**Work to be completed:**
Find the line that contains "Sensual Young Flirty Woman Sherpa Blanket" in the entries below. Output it and each later line exactly, and nothing else.

**Records provided:**

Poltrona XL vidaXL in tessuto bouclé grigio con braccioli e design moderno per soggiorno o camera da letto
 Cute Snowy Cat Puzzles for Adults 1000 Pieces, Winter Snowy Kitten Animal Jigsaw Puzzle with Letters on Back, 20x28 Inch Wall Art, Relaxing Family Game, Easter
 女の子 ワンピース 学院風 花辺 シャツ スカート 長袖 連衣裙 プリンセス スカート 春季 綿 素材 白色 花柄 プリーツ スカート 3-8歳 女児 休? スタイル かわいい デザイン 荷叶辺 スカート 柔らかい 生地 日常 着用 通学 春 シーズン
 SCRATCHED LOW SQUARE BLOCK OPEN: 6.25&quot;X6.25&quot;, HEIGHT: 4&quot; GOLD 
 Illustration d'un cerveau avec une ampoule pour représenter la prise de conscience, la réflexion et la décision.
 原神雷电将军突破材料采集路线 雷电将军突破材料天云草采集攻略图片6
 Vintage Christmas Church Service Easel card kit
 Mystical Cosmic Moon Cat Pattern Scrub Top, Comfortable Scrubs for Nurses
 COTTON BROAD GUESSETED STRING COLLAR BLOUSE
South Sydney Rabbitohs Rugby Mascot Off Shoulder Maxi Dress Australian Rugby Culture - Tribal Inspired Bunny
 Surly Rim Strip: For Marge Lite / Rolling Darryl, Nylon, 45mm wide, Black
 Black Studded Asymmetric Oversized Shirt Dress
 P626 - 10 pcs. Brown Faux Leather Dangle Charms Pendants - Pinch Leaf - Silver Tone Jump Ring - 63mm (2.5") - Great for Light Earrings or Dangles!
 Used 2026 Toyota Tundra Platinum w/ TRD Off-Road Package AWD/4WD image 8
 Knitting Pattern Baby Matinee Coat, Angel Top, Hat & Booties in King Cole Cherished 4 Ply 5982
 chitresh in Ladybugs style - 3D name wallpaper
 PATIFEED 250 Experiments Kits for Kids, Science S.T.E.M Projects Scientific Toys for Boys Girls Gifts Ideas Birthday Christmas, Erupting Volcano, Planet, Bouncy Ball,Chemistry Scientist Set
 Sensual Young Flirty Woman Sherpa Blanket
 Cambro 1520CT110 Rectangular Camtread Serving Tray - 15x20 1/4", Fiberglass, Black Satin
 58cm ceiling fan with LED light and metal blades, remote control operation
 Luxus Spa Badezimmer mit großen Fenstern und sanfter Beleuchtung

**Solution for this problem:**
 Sensual Young Flirty Woman Sherpa Blanket
 Cambro 1520CT110 Rectangular Camtread Serving Tray - 15x20 1/4", Fiberglass, Black Satin
 58cm ceiling fan with LED light and metal blades, remote control operation
 Luxus Spa Badezimmer mit großen Fenstern und sanfter Beleuchtung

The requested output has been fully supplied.